Can I catch the original error in code outside train_func?

KepingYan · November 29, 2023, 10:40am

Hi, I want to catch the original error when trainer.fit() reports an error. Is it possible?

from typing import Any, Dict
from ray.train.torch import TorchTrainer
from ray.air.config import ScalingConfig
from ray.air import RunConfig, FailureConfig
from ray.train.torch.config import TorchConfig
from ray.train.base_trainer import TrainingFailedError
import transformers

def train_func(config: Dict[str, Any]):
    model = transformers.AutoModelForCausalLM.from_pretrained("model_not_existed")
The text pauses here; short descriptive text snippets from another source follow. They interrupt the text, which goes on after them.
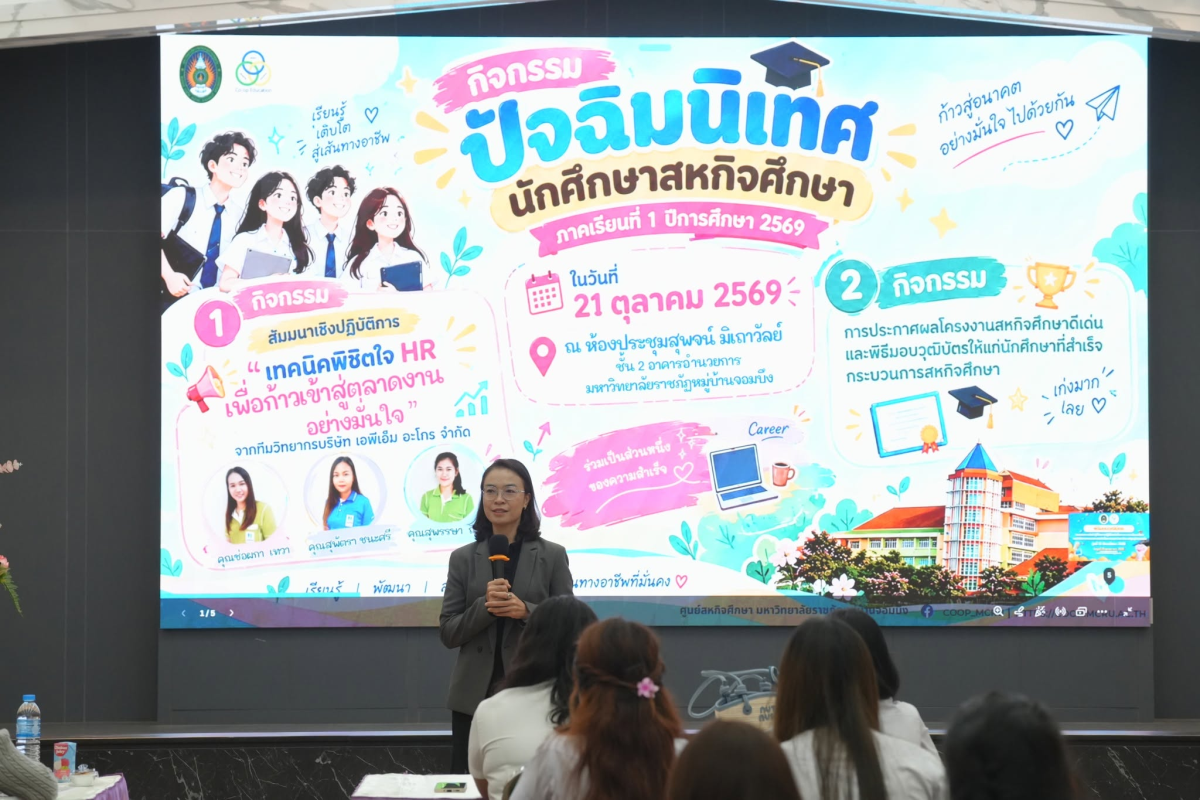 บรรยากาศการ 2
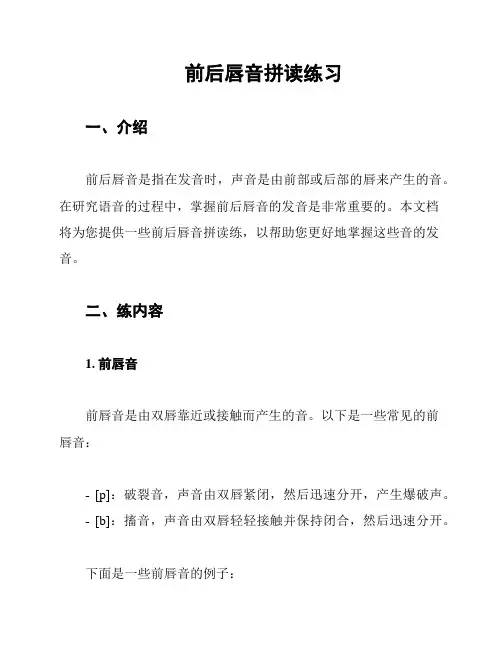 前后唇音拼读练习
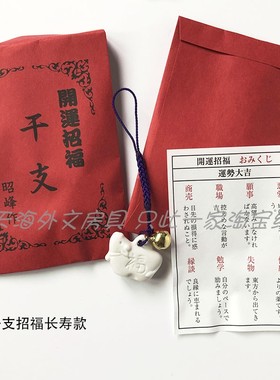 日本土铃陶瓷正风堂运势传统生肖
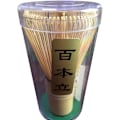 Miniatyrbild 4 av 5: 1 st bambu Matcha pulver visp verktyg Matcha bambu visp för japanska Matcha teceremoni set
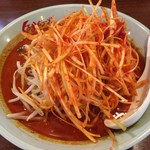 Kuruma Ya Ramen - 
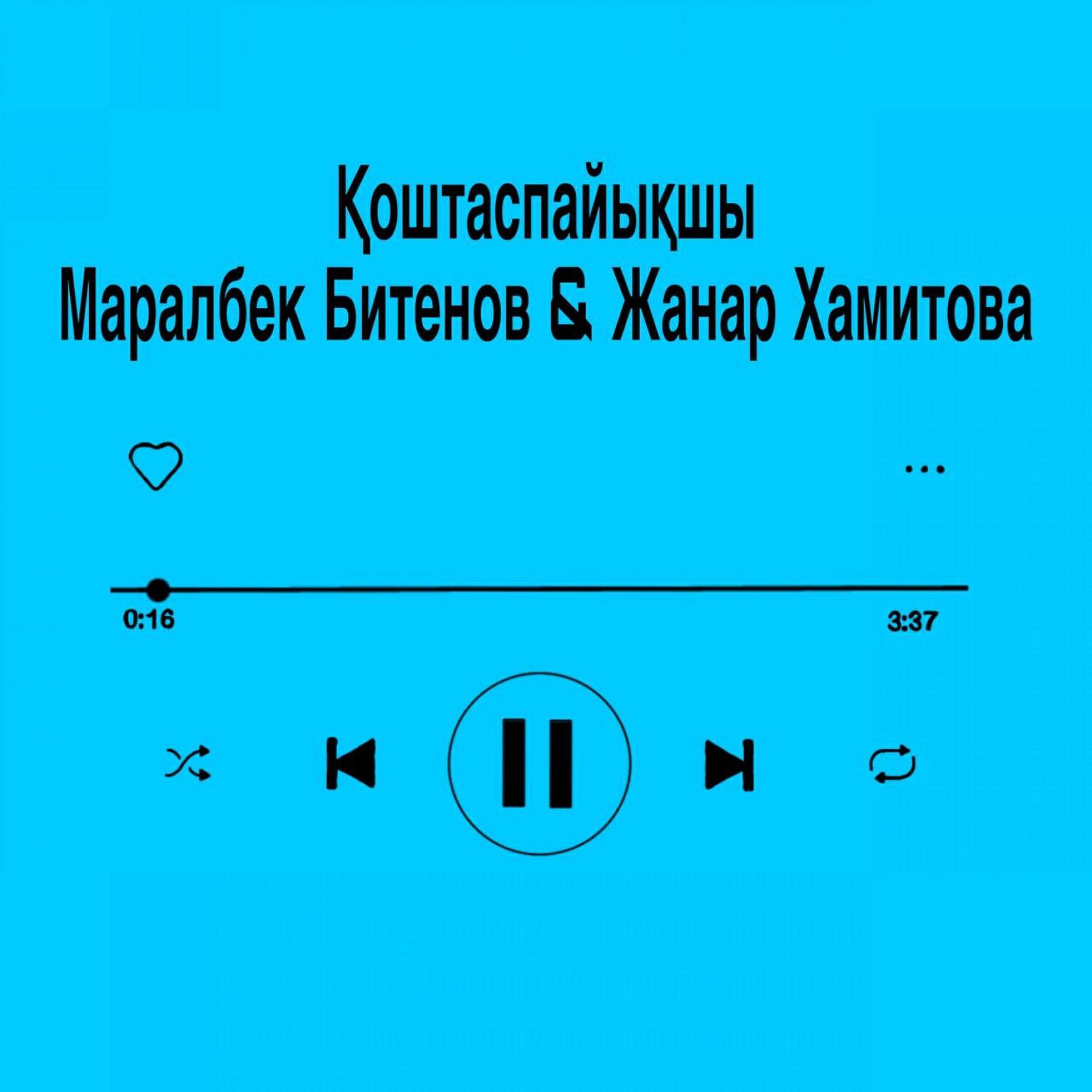 Маралбек Битенов Жанар Хамитова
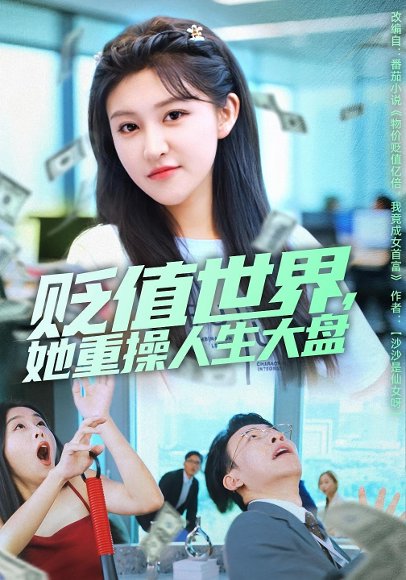 贬值世界她重操人生大盘（63集）喻嘉琳&王攀 高清完整版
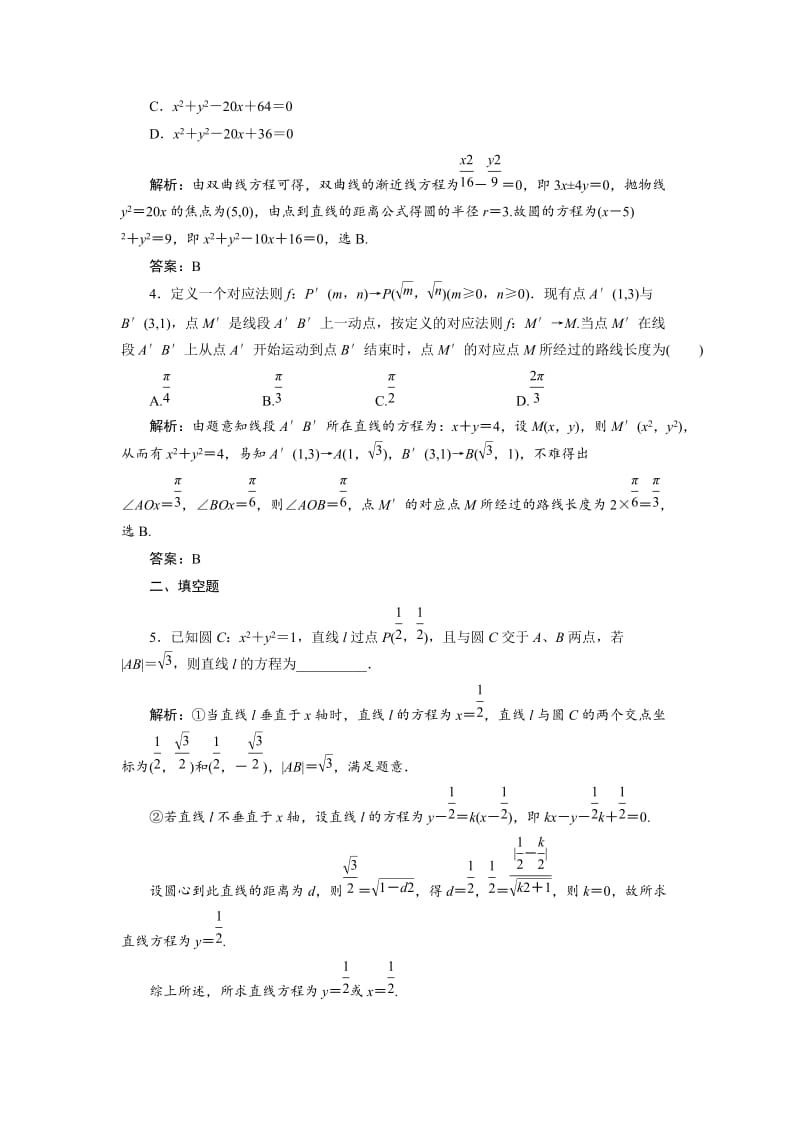 2019-2020年人教A版理科数学《直线与圆的位置关系》最新高考总复习讲义教案.doc_第2页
failure_config = FailureConfig(max_failures=0)

trainer = TorchTrainer(
    train_func,
    train_loop_config={},
    scaling_config=ScalingConfig(num_workers=1),
    torch_config=TorchConfig(),
    run_config=RunConfig(failure_config=failure_config)
)
try:
    results = trainer.fit()
    print(results.error)    # This will not be executed 
except EnvironmentError as e:
    print("I want to do something specific for this type of error")
except TrainingFailedError as e:
    print("but it looks like I can only catch this exception")
    print("#####", e)
    # The output is : ##### The Ray Train run failed. Please inspect the previous error messages for a cause. After fixing the issue (assuming that the error is not caused by your own application logic, but rather an error such as OOM), you can restart the run from scratch or continue this run.
    # I can't do anything with this output

Jules_Damji · November 29, 2023, 5:46pm

@KepingYan You mean you want to catch the first exeception in the training before it gets percolated up the stack?

cc: @justinvyu @matthewdeng Is that possible to catch the original cause. Seems it could be many or myriad exceptions up the training stack.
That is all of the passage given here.